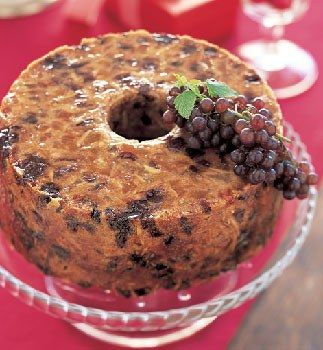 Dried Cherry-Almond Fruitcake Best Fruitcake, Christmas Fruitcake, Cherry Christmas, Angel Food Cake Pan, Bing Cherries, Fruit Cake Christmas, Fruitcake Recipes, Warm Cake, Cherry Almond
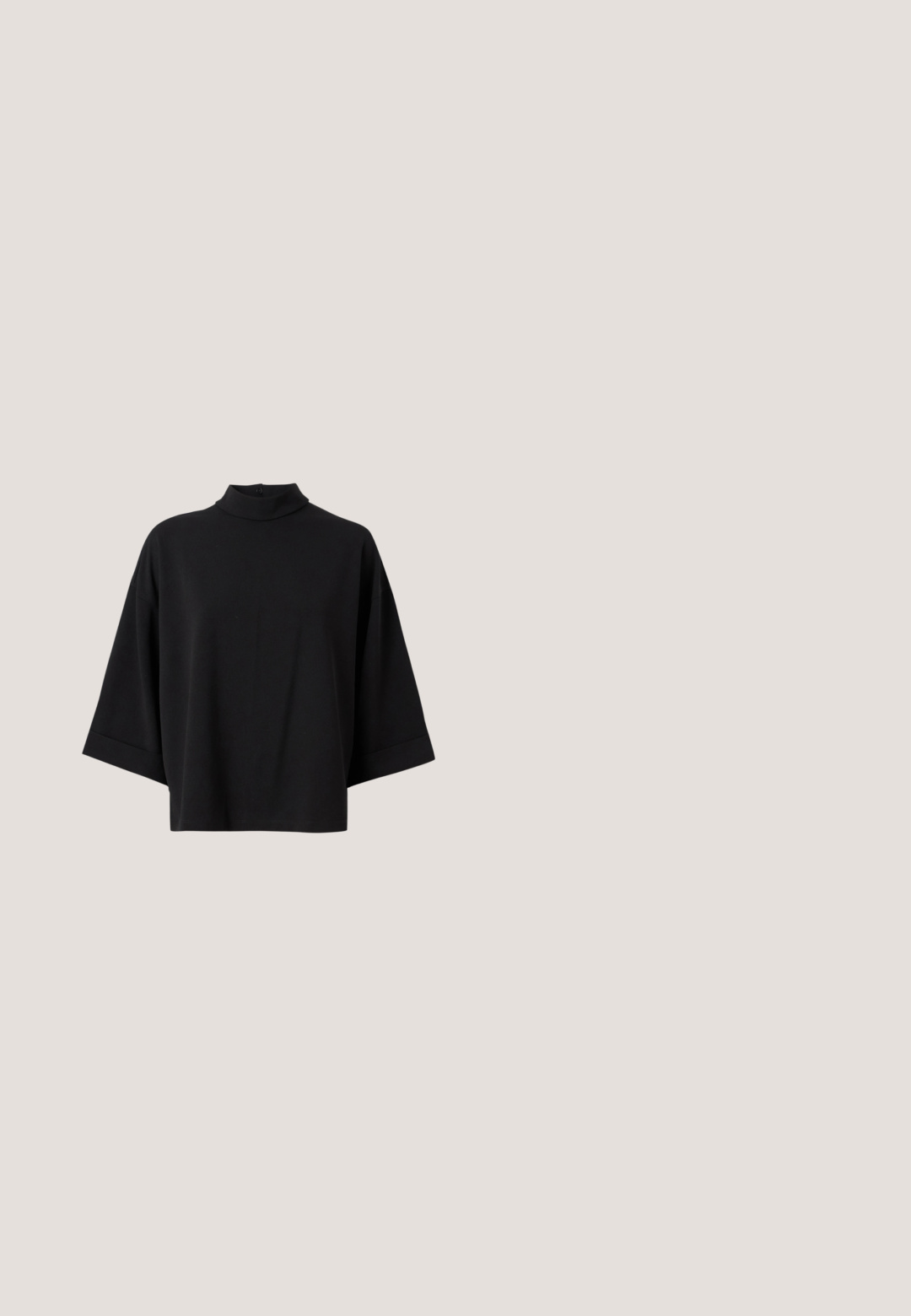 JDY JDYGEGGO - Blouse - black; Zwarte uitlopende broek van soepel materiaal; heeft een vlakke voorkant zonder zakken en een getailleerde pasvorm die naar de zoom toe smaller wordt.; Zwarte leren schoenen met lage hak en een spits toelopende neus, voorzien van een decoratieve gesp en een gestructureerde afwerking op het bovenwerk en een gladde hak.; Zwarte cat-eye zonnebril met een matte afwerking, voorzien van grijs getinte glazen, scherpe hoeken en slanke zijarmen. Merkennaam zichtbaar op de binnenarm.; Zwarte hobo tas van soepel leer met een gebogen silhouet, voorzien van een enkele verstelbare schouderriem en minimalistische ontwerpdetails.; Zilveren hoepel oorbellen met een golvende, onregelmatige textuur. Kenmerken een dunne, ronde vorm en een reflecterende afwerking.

━━━

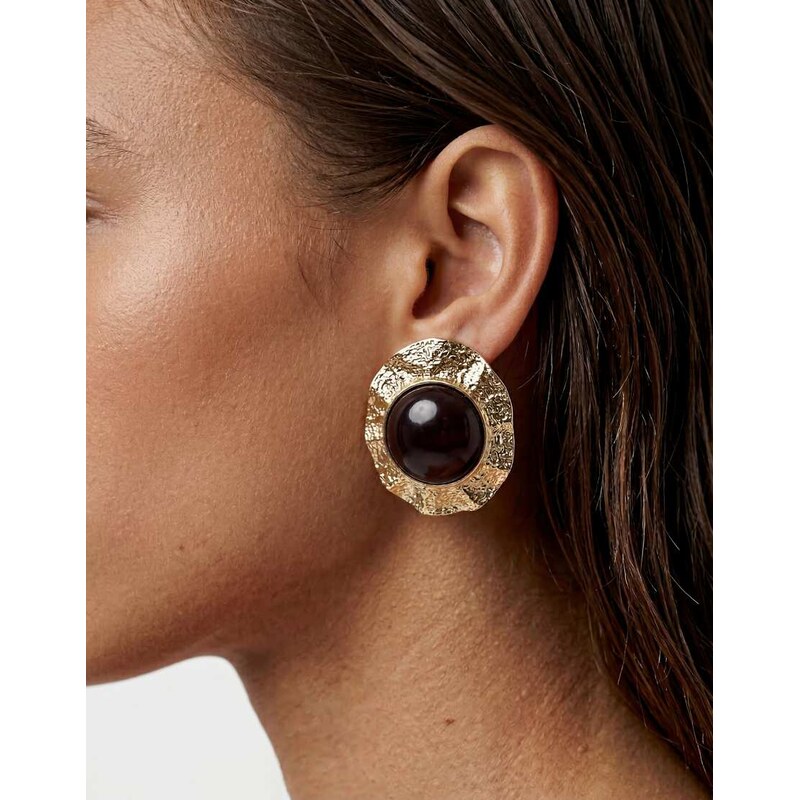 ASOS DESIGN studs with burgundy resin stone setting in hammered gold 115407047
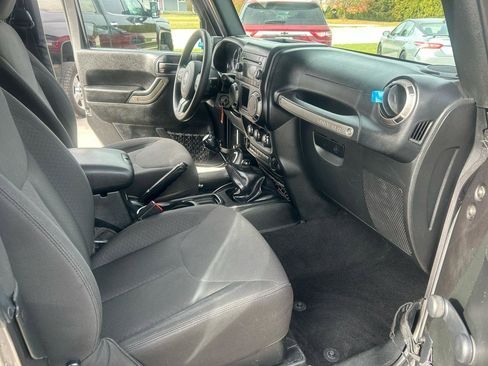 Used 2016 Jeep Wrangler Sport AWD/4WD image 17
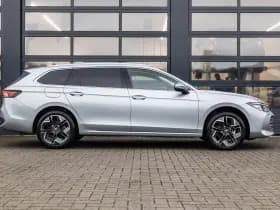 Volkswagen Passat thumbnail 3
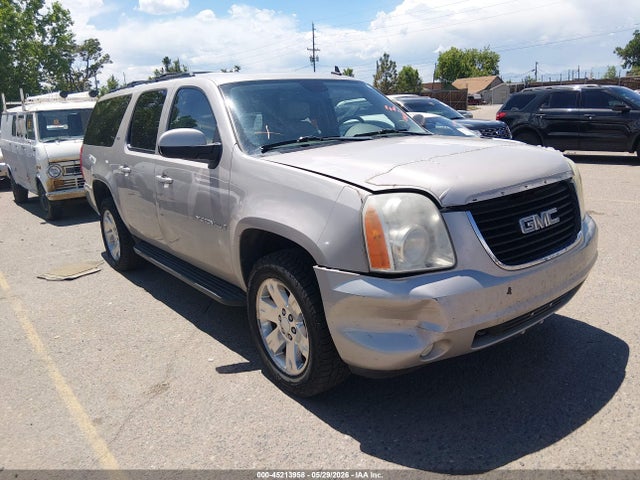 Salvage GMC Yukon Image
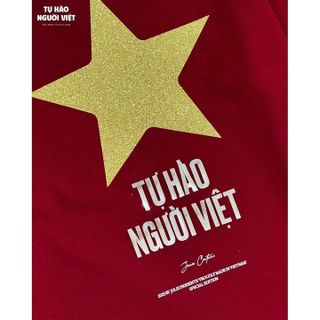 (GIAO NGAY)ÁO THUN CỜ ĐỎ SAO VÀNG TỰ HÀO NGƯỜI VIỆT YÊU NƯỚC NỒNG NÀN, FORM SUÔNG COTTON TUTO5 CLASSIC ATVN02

━━━

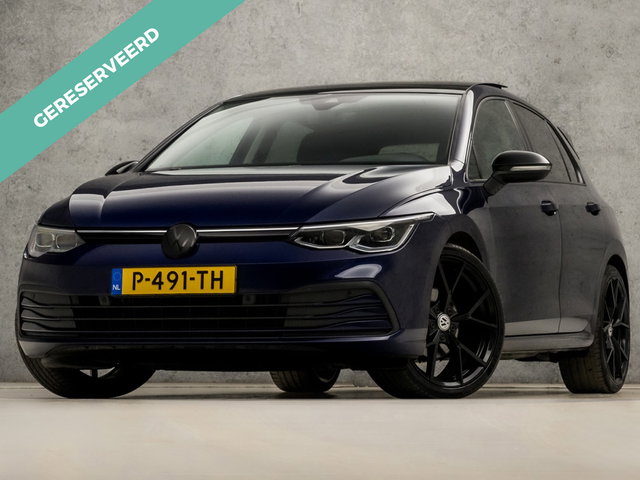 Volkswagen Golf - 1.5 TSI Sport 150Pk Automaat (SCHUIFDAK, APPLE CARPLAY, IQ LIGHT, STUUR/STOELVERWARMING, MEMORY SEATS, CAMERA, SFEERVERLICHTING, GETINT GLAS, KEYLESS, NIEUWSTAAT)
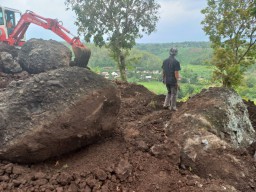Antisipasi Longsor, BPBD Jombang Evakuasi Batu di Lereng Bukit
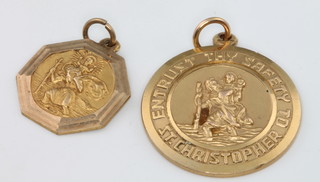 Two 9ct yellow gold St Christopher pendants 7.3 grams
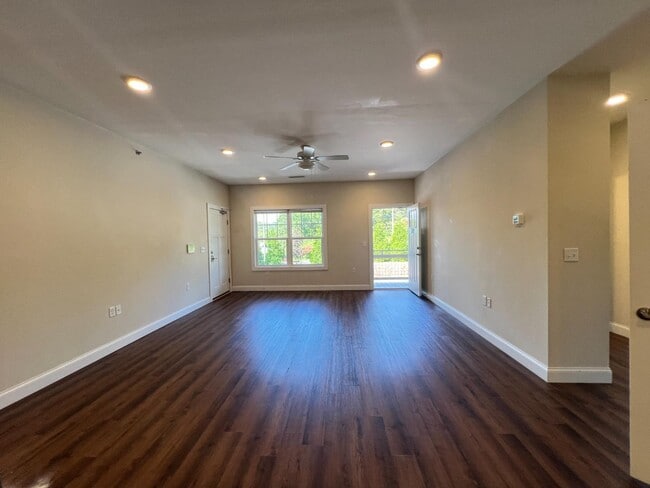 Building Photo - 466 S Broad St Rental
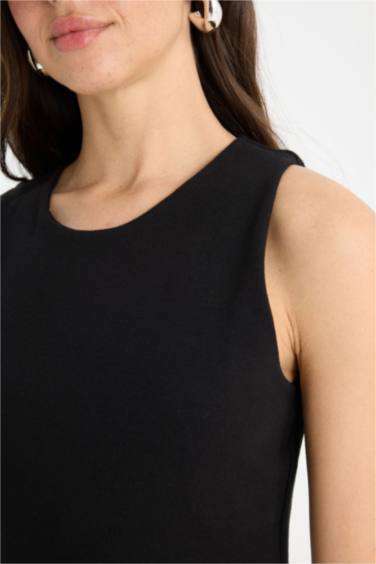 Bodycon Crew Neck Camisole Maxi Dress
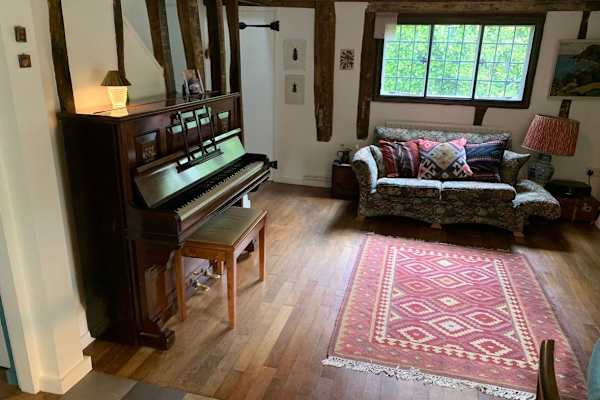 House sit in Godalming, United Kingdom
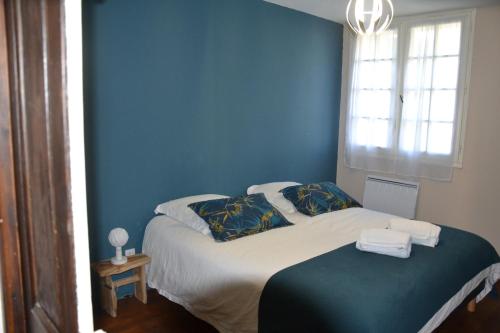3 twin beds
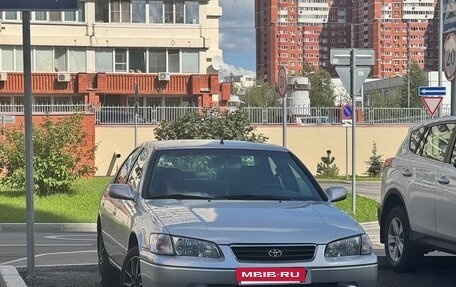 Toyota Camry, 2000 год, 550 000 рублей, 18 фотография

━━━

= YOUR INSTRUCTIONS =
Write out exactly the run of lines above that starts at the line containing "Dried Cherry-Almond Fruitcake" and ends at the line containing "JDY JDYGEGGO - Blouse". Include both, and leave the pictures out.

= EXERCISE RESULT =
 Dried Cherry-Almond Fruitcake Best Fruitcake, Christmas Fruitcake, Cherry Christmas, Angel Food Cake Pan, Bing Cherries, Fruit Cake Christmas, Fruitcake Recipes, Warm Cake, Cherry Almond
 JDY JDYGEGGO - Blouse - black; Zwarte uitlopende broek van soepel materiaal; heeft een vlakke voorkant zonder zakken en een getailleerde pasvorm die naar de zoom toe smaller wordt.; Zwarte leren schoenen met lage hak en een spits toelopende neus, voorzien van een decoratieve gesp en een gestructureerde afwerking op het bovenwerk en een gladde hak.; Zwarte cat-eye zonnebril met een matte afwerking, voorzien van grijs getinte glazen, scherpe hoeken en slanke zijarmen. Merkennaam zichtbaar op de binnenarm.; Zwarte hobo tas van soepel leer met een gebogen silhouet, voorzien van een enkele verstelbare schouderriem en minimalistische ontwerpdetails.; Zilveren hoepel oorbellen met een golvende, onregelmatige textuur. Kenmerken een dunne, ronde vorm en een reflecterende afwerking.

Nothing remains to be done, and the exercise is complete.